→ **WHAT TO PRODUCE**: Make an exact copy of every entry, leaving the pictures out.

→ **MATERIAL FOR THIS TASK**:
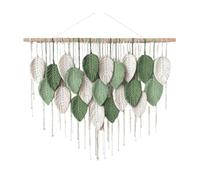 NonMiFyR Adorno de Pared Grande de Macramé, Cuerda de Algodón, Estilo Nórdico Bohemio, Borlas de Hojas de Macramé para Dormitorio, Boda O Habitación Infantil, Estilo C, 21 Hojas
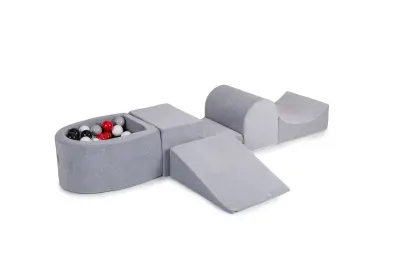 4-delni penasti igralni komplet MeowBaby® Foam Playground z majhnim bazenom z žogicami, 100 žogic, žamet, svetlo siva: bela/rdeča/črna/siva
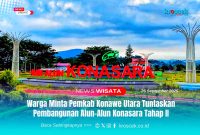 Alun-alun Konasara - Ikon kebanggaan masyarakat Konawe Utara (Konut). Ruang terbuka publik yang terletak di jantung kota Wanggudu sebagai pusat rekreasi dan olahraga, tetapi juga sebagai ruang ekspresi budaya, Jum'at (26/9/2025). (Foto: Muh. Sahrul).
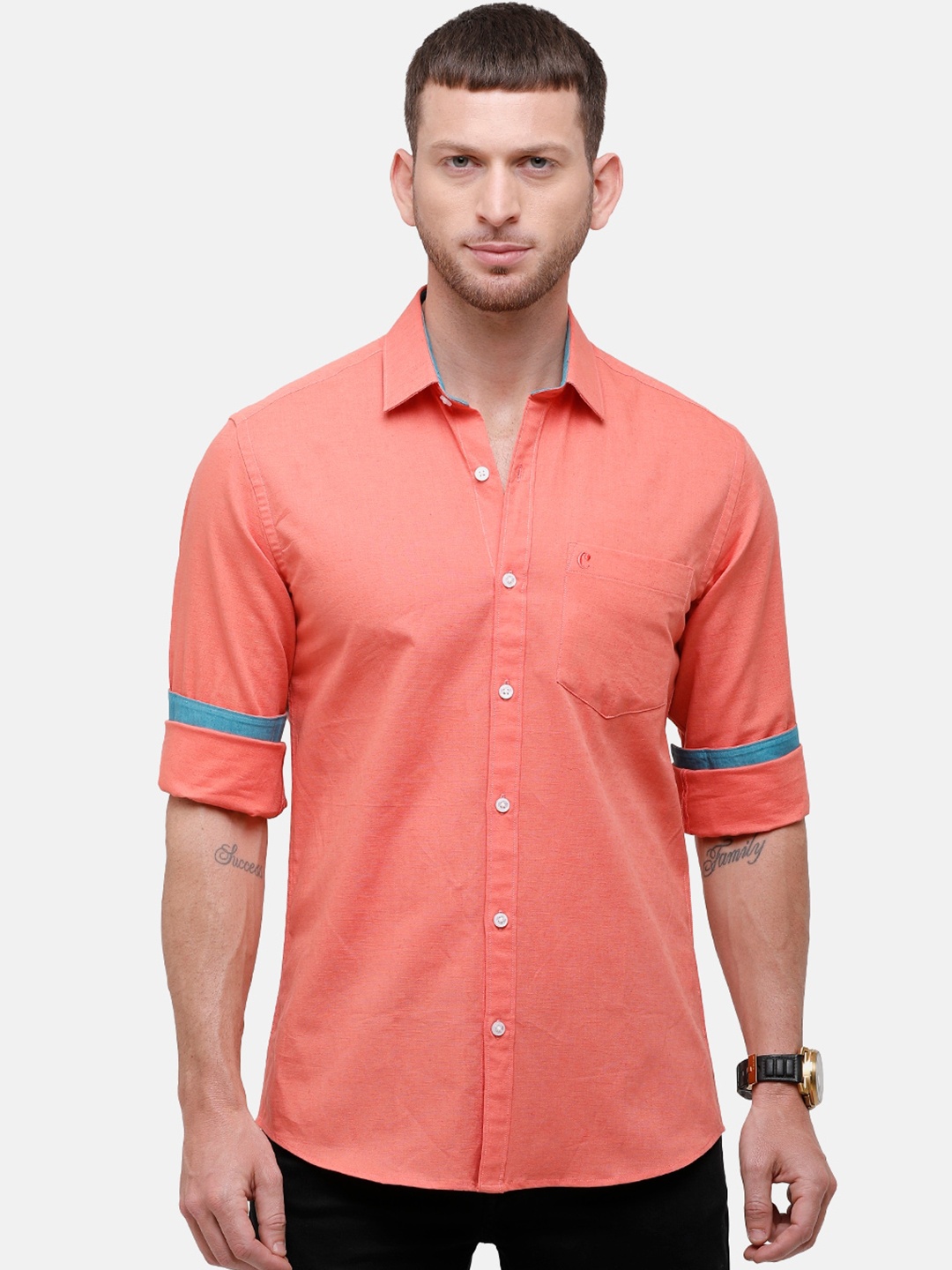 

CAVALLO by Linen Club Men Coral Orange Linen Cotton Regular Fit Solid Casual Shirt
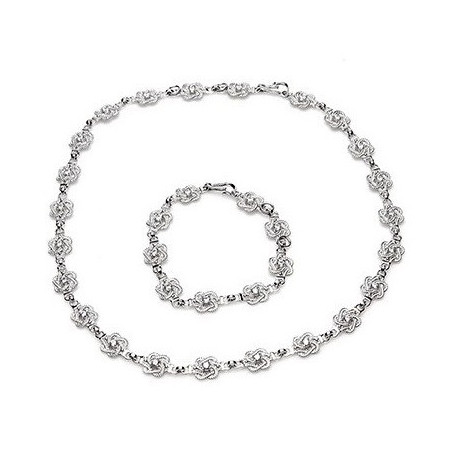 Zilveren mattenklopper sieradenset Swarovski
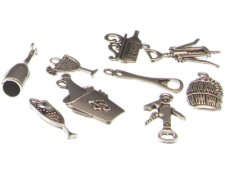 (image for) Wine Theme Silver Metal Charm, 8 charms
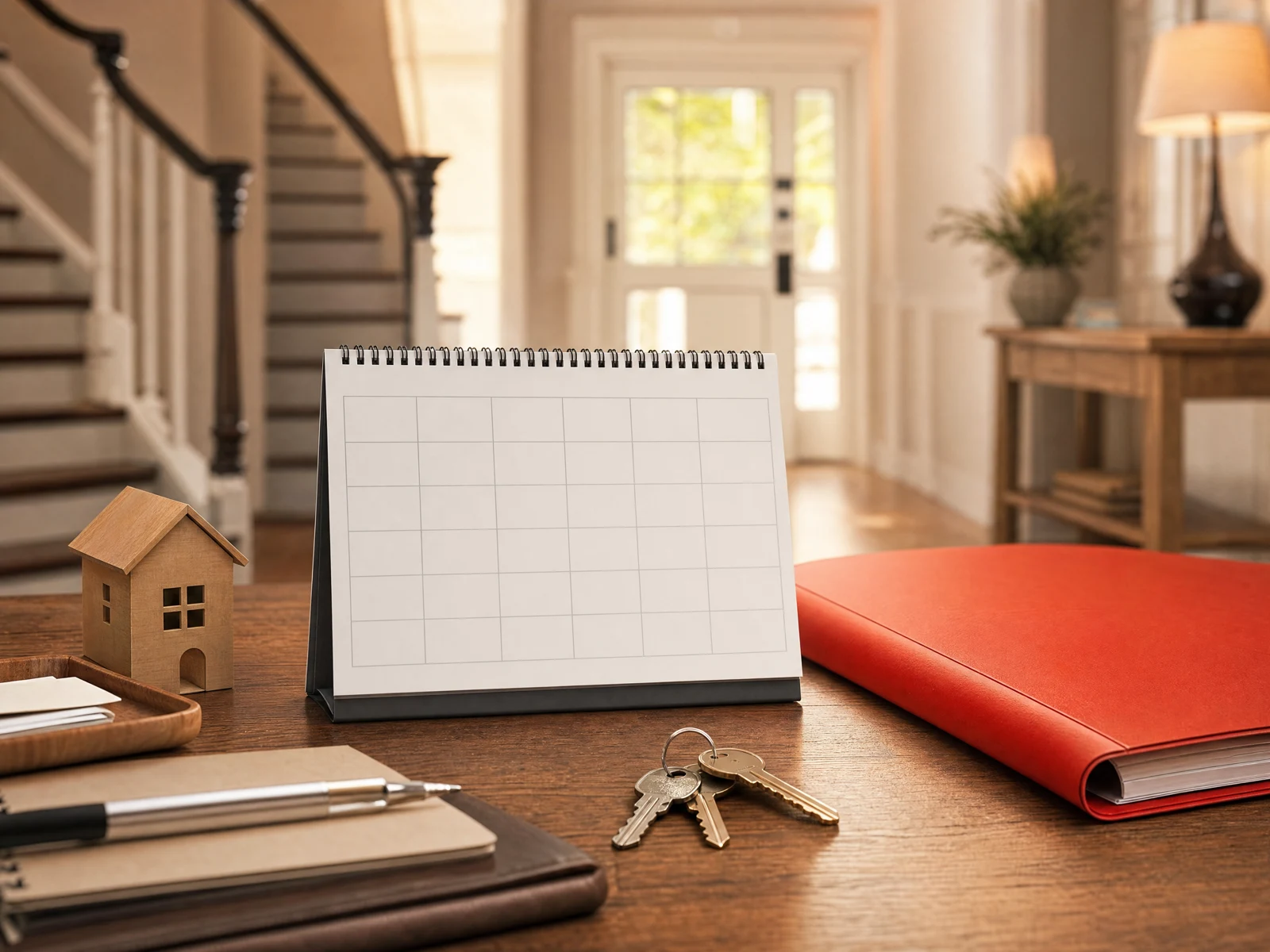 Illustrative closing preparation in a home entryway
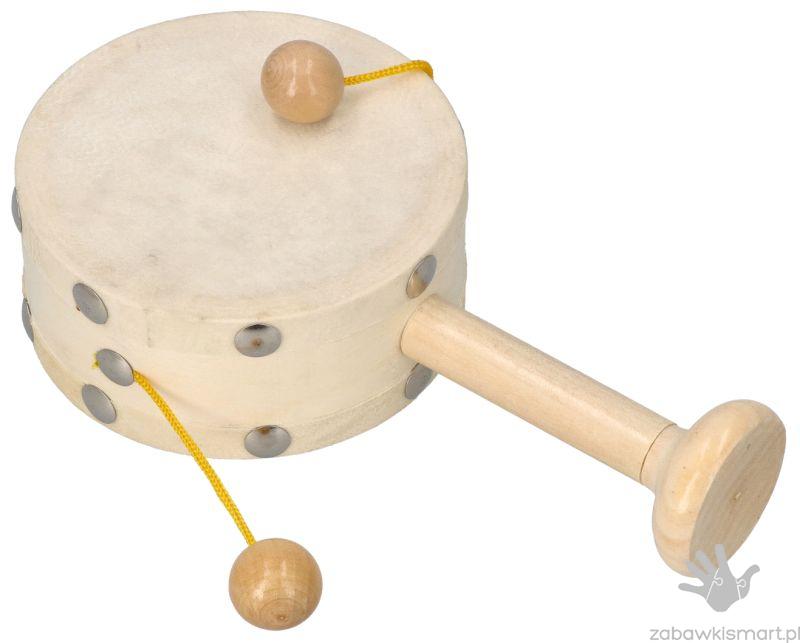 Ręczny bębenek z kulkami natural- Bino
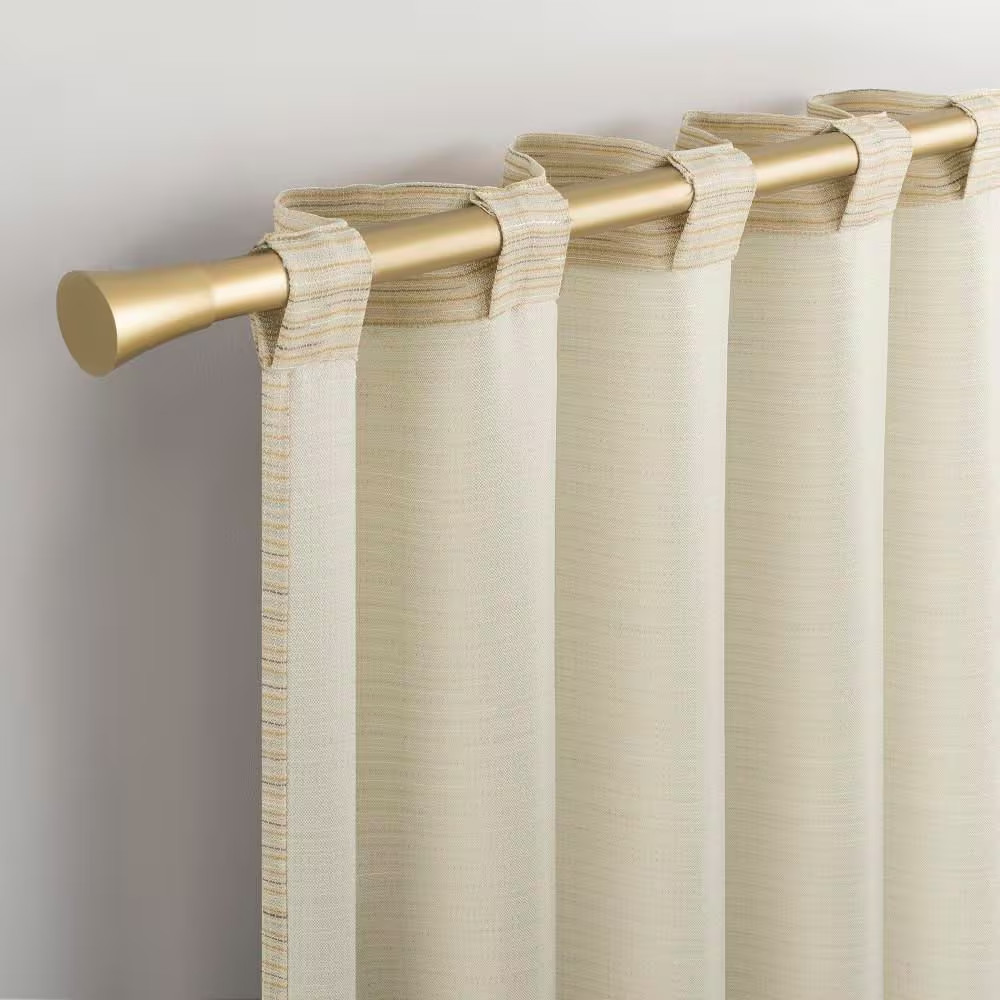 Laurel Space Dyed Textured Taupe Faux Linen 40 In. W X 84 In. L Back Tab Light F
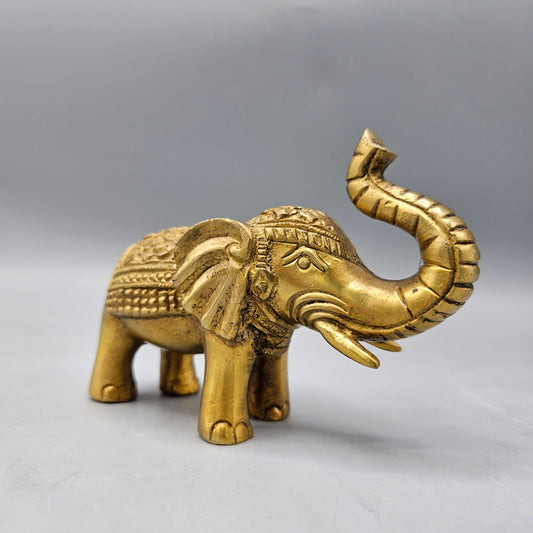 Brass Elephant Figure with Trunk Up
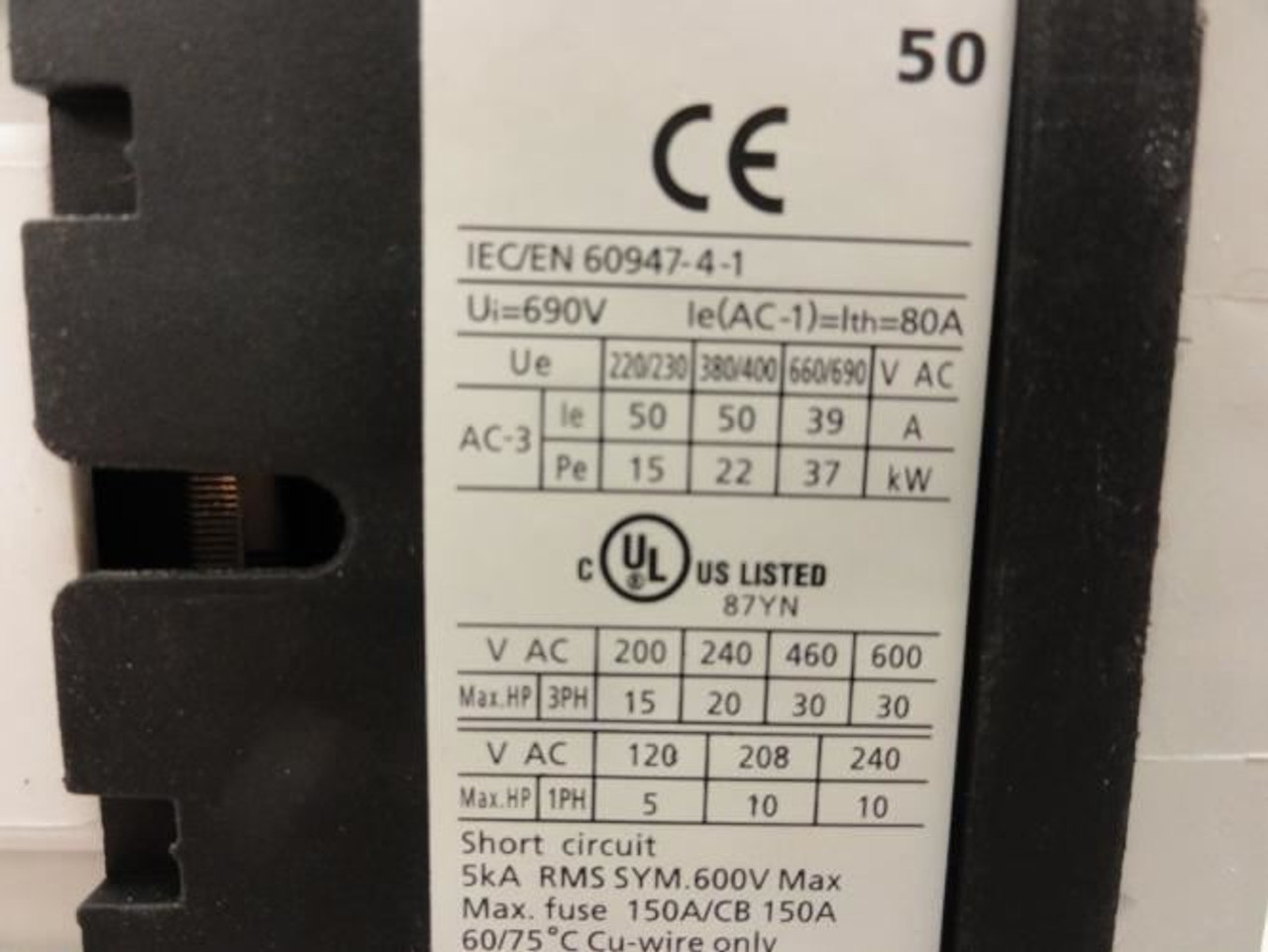 Dayton 2UXU7; IEC Contactor 50A 4P 600V Max; Coil: 24V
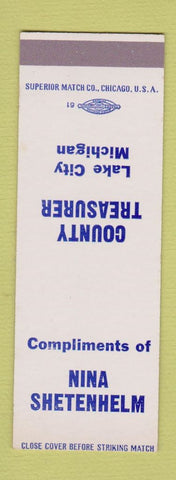 Matchbook Cover - Nina Shetenhelm County Treasurer Lake City MI SAMPLE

→ **RESPONSE**:
 NonMiFyR Adorno de Pared Grande de Macramé, Cuerda de Algodón, Estilo Nórdico Bohemio, Borlas de Hojas de Macramé para Dormitorio, Boda O Habitación Infantil, Estilo C, 21 Hojas
 4-delni penasti igralni komplet MeowBaby® Foam Playground z majhnim bazenom z žogicami, 100 žogic, žamet, svetlo siva: bela/rdeča/črna/siva
 Alun-alun Konasara - Ikon kebanggaan masyarakat Konawe Utara (Konut). Ruang terbuka publik yang terletak di jantung kota Wanggudu sebagai pusat rekreasi dan olahraga, tetapi juga sebagai ruang ekspresi budaya, Jum'at (26/9/2025). (Foto: Muh. Sahrul).

CAVALLO by Linen Club Men Coral Orange Linen Cotton Regular Fit Solid Casual Shirt
 Zilveren mattenklopper sieradenset Swarovski
 (image for) Wine Theme Silver Metal Charm, 8 charms
 Illustrative closing preparation in a home entryway
 Ręczny bębenek z kulkami natural- Bino
 Laurel Space Dyed Textured Taupe Faux Linen 40 In. W X 84 In. L Back Tab Light F
 Brass Elephant Figure with Trunk Up
 Dayton 2UXU7; IEC Contactor 50A 4P 600V Max; Coil: 24V
 Matchbook Cover - Nina Shetenhelm County Treasurer Lake City MI SAMPLE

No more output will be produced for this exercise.